* _Data shown_
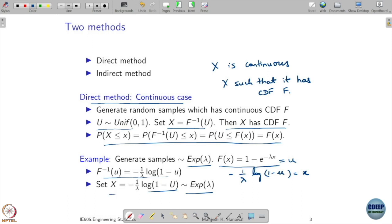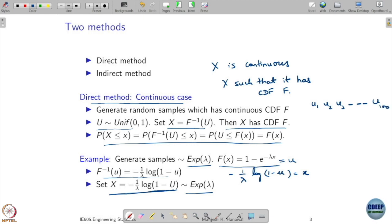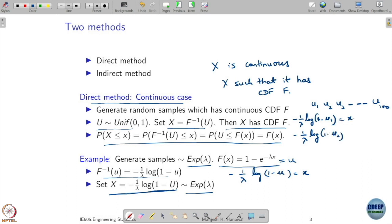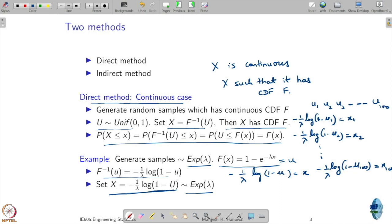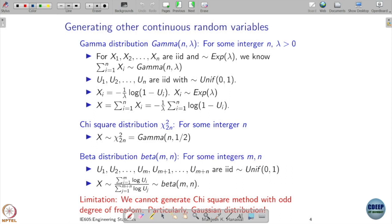What this means in practice: suppose you have generated U1, U2, U3, up to 100 uniform samples. Then you compute x_i = minus 1 over lambda times log of 1 minus U_i for each i. So x1, x2, up to x100 are samples following the exponential distribution with parameter lambda. Exponential was simple - now let's see what else we can generate using this method.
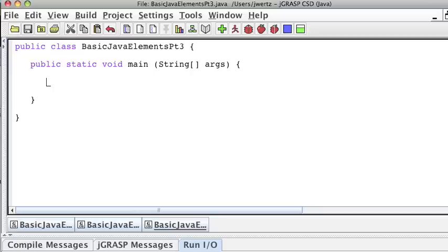Up to this point, all of our programs have required that we hard-code the values that we're using into them, but it would be a lot more fun if we could actually ask the user to input some data.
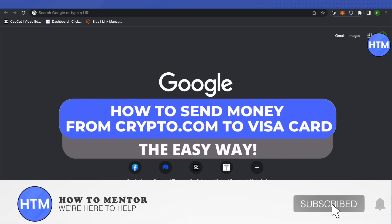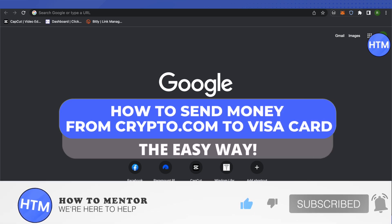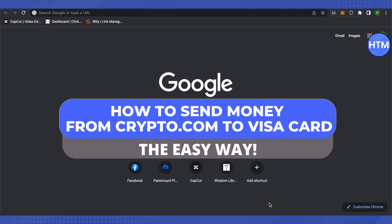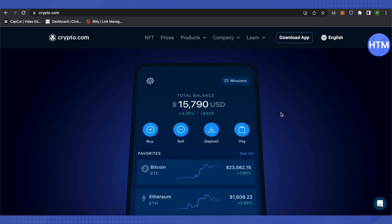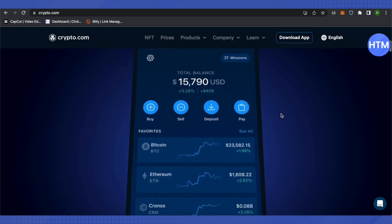Hello everyone, welcome to our channel. Today we will see how we can send money from our crypto.com account to our Visa card. For that, you need to open up your crypto.com account.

* _Task requirements_
In your copy of the material, match every word exactly and include no pictures.

* _Solution to the exercise_
What this means in practice: suppose you have generated U1, U2, U3, up to 100 uniform samples. Then you compute x_i = minus 1 over lambda times log of 1 minus U_i for each i. So x1, x2, up to x100 are samples following the exponential distribution with parameter lambda. Exponential was simple - now let's see what else we can generate using this method.
Up to this point, all of our programs have required that we hard-code the values that we're using into them, but it would be a lot more fun if we could actually ask the user to input some data.
Hello everyone, welcome to our channel. Today we will see how we can send money from our crypto.com account to our Visa card. For that, you need to open up your crypto.com account.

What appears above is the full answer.